Paramedics, also known as emergency medical technicians or EMTs, are often the first medical professionals on the scene, and are therefore commonly known as “first responders.”
Paramedics play a vital role in getting individuals into the hospital as quickly as possible so that they can obtain the help they need with a minimum of delay. In many cases, the speed at which the job is done can greatly effect patient mortality rates.
Although the paramedic lacks the resources (and most often the training) to fully treat patients on the spot, they are responsible for stabilizing the patient’s condition while in transport to the hospital.
Although the level of paramedic training you need to become a qualified professional will depend largely on which designation you intend to obtain, the course itinerary will deal a lot with the sort of emergency situations you can expect to be called out to address…
- Trauma and serious injury
- Hemorrhage and Shock
- Cardiovascular Emergencies
- Respiratory Emergencies
- Thoracic Trauma
- Allergic reactions
There are several “designations” of paramedic, starting with the most basic (EMT-B, or EMT-Basic) which requires around 100 hours of training, all the way up to EMT-P (or EMT paramedic) which requires well over 1,000 hours of training. After training, you will need to become certified (certification is provided by the National Registry of Emergency Medical Technicians). Some states may require you to write a state licensing exam before providing you with the appropriate credentials you need in order to become employed.

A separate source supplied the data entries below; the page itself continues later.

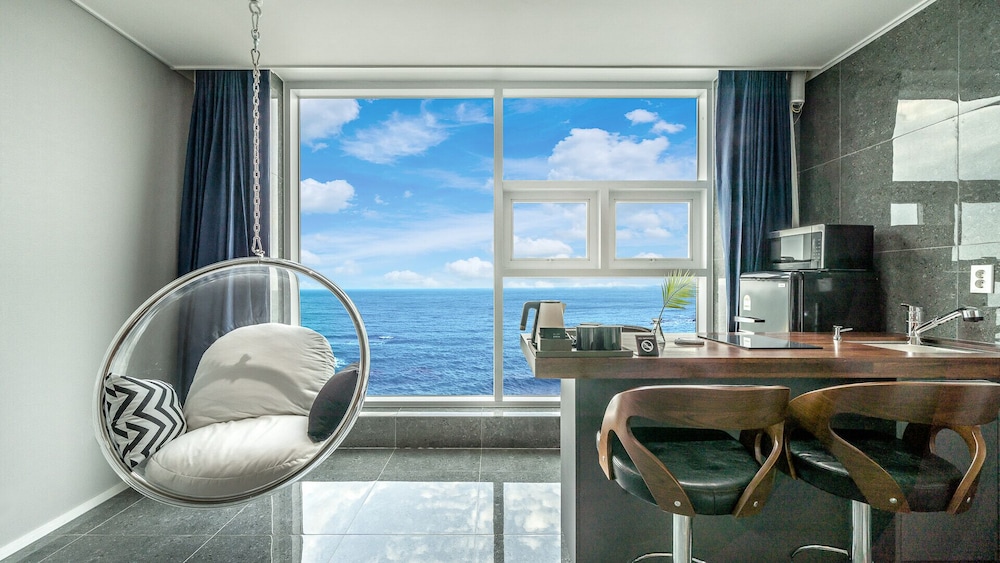 Deluxe Twin, Pet Friendly (Below 7kg, Max2, 50,000 Extra Fee, Must Contact Property Before Book) - Photo 3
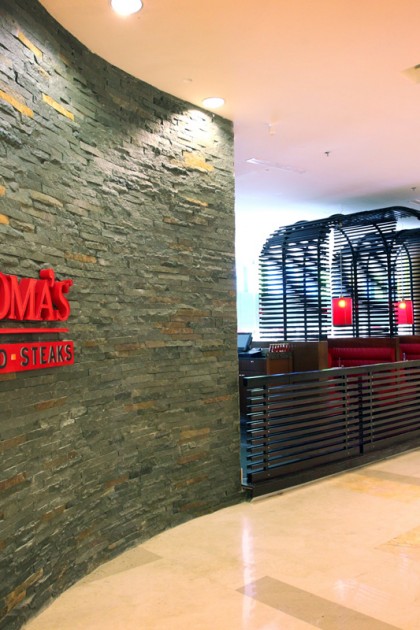 TONY ROMA'S Restaurant, Gandaria City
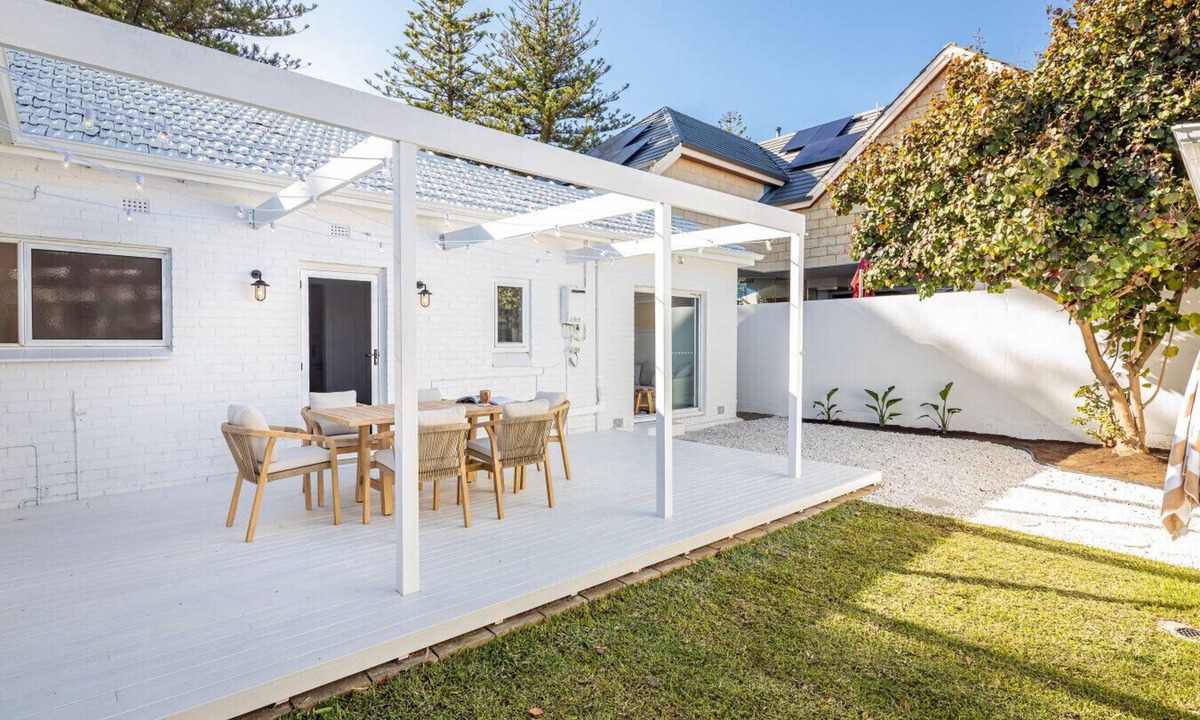 Glenelg South House | Casaba Villa - Your Beachside Garden Oasis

If you are investigating paramedic training, wouldn’t you like to know that there is a job waiting for you upon graduation?
Sure you would.
And like many other healthcare related careers, the long term future of paramedics and emergency medical technicians looks bright. The U.S. Bureau of Labor Statistics estimates a 33% increase in jobs in the period between 2010-2020.
That’s nearly 75,000 new jobs!
Acquiring the proper training to become a full fledged paramedic is critical to obtaining one of these jobs. That said, this is not a career for everyone; this is a high stress, physical job. And while you will experience moments of triumph, you can expect to see things that shake you up too. You need to be cool under fire, quick thinking, empathetic and in physical shape to do this job properly.
Some individuals use the paramedic career as a stepping stone to more complex medical careers… like physician’s assistant, for example.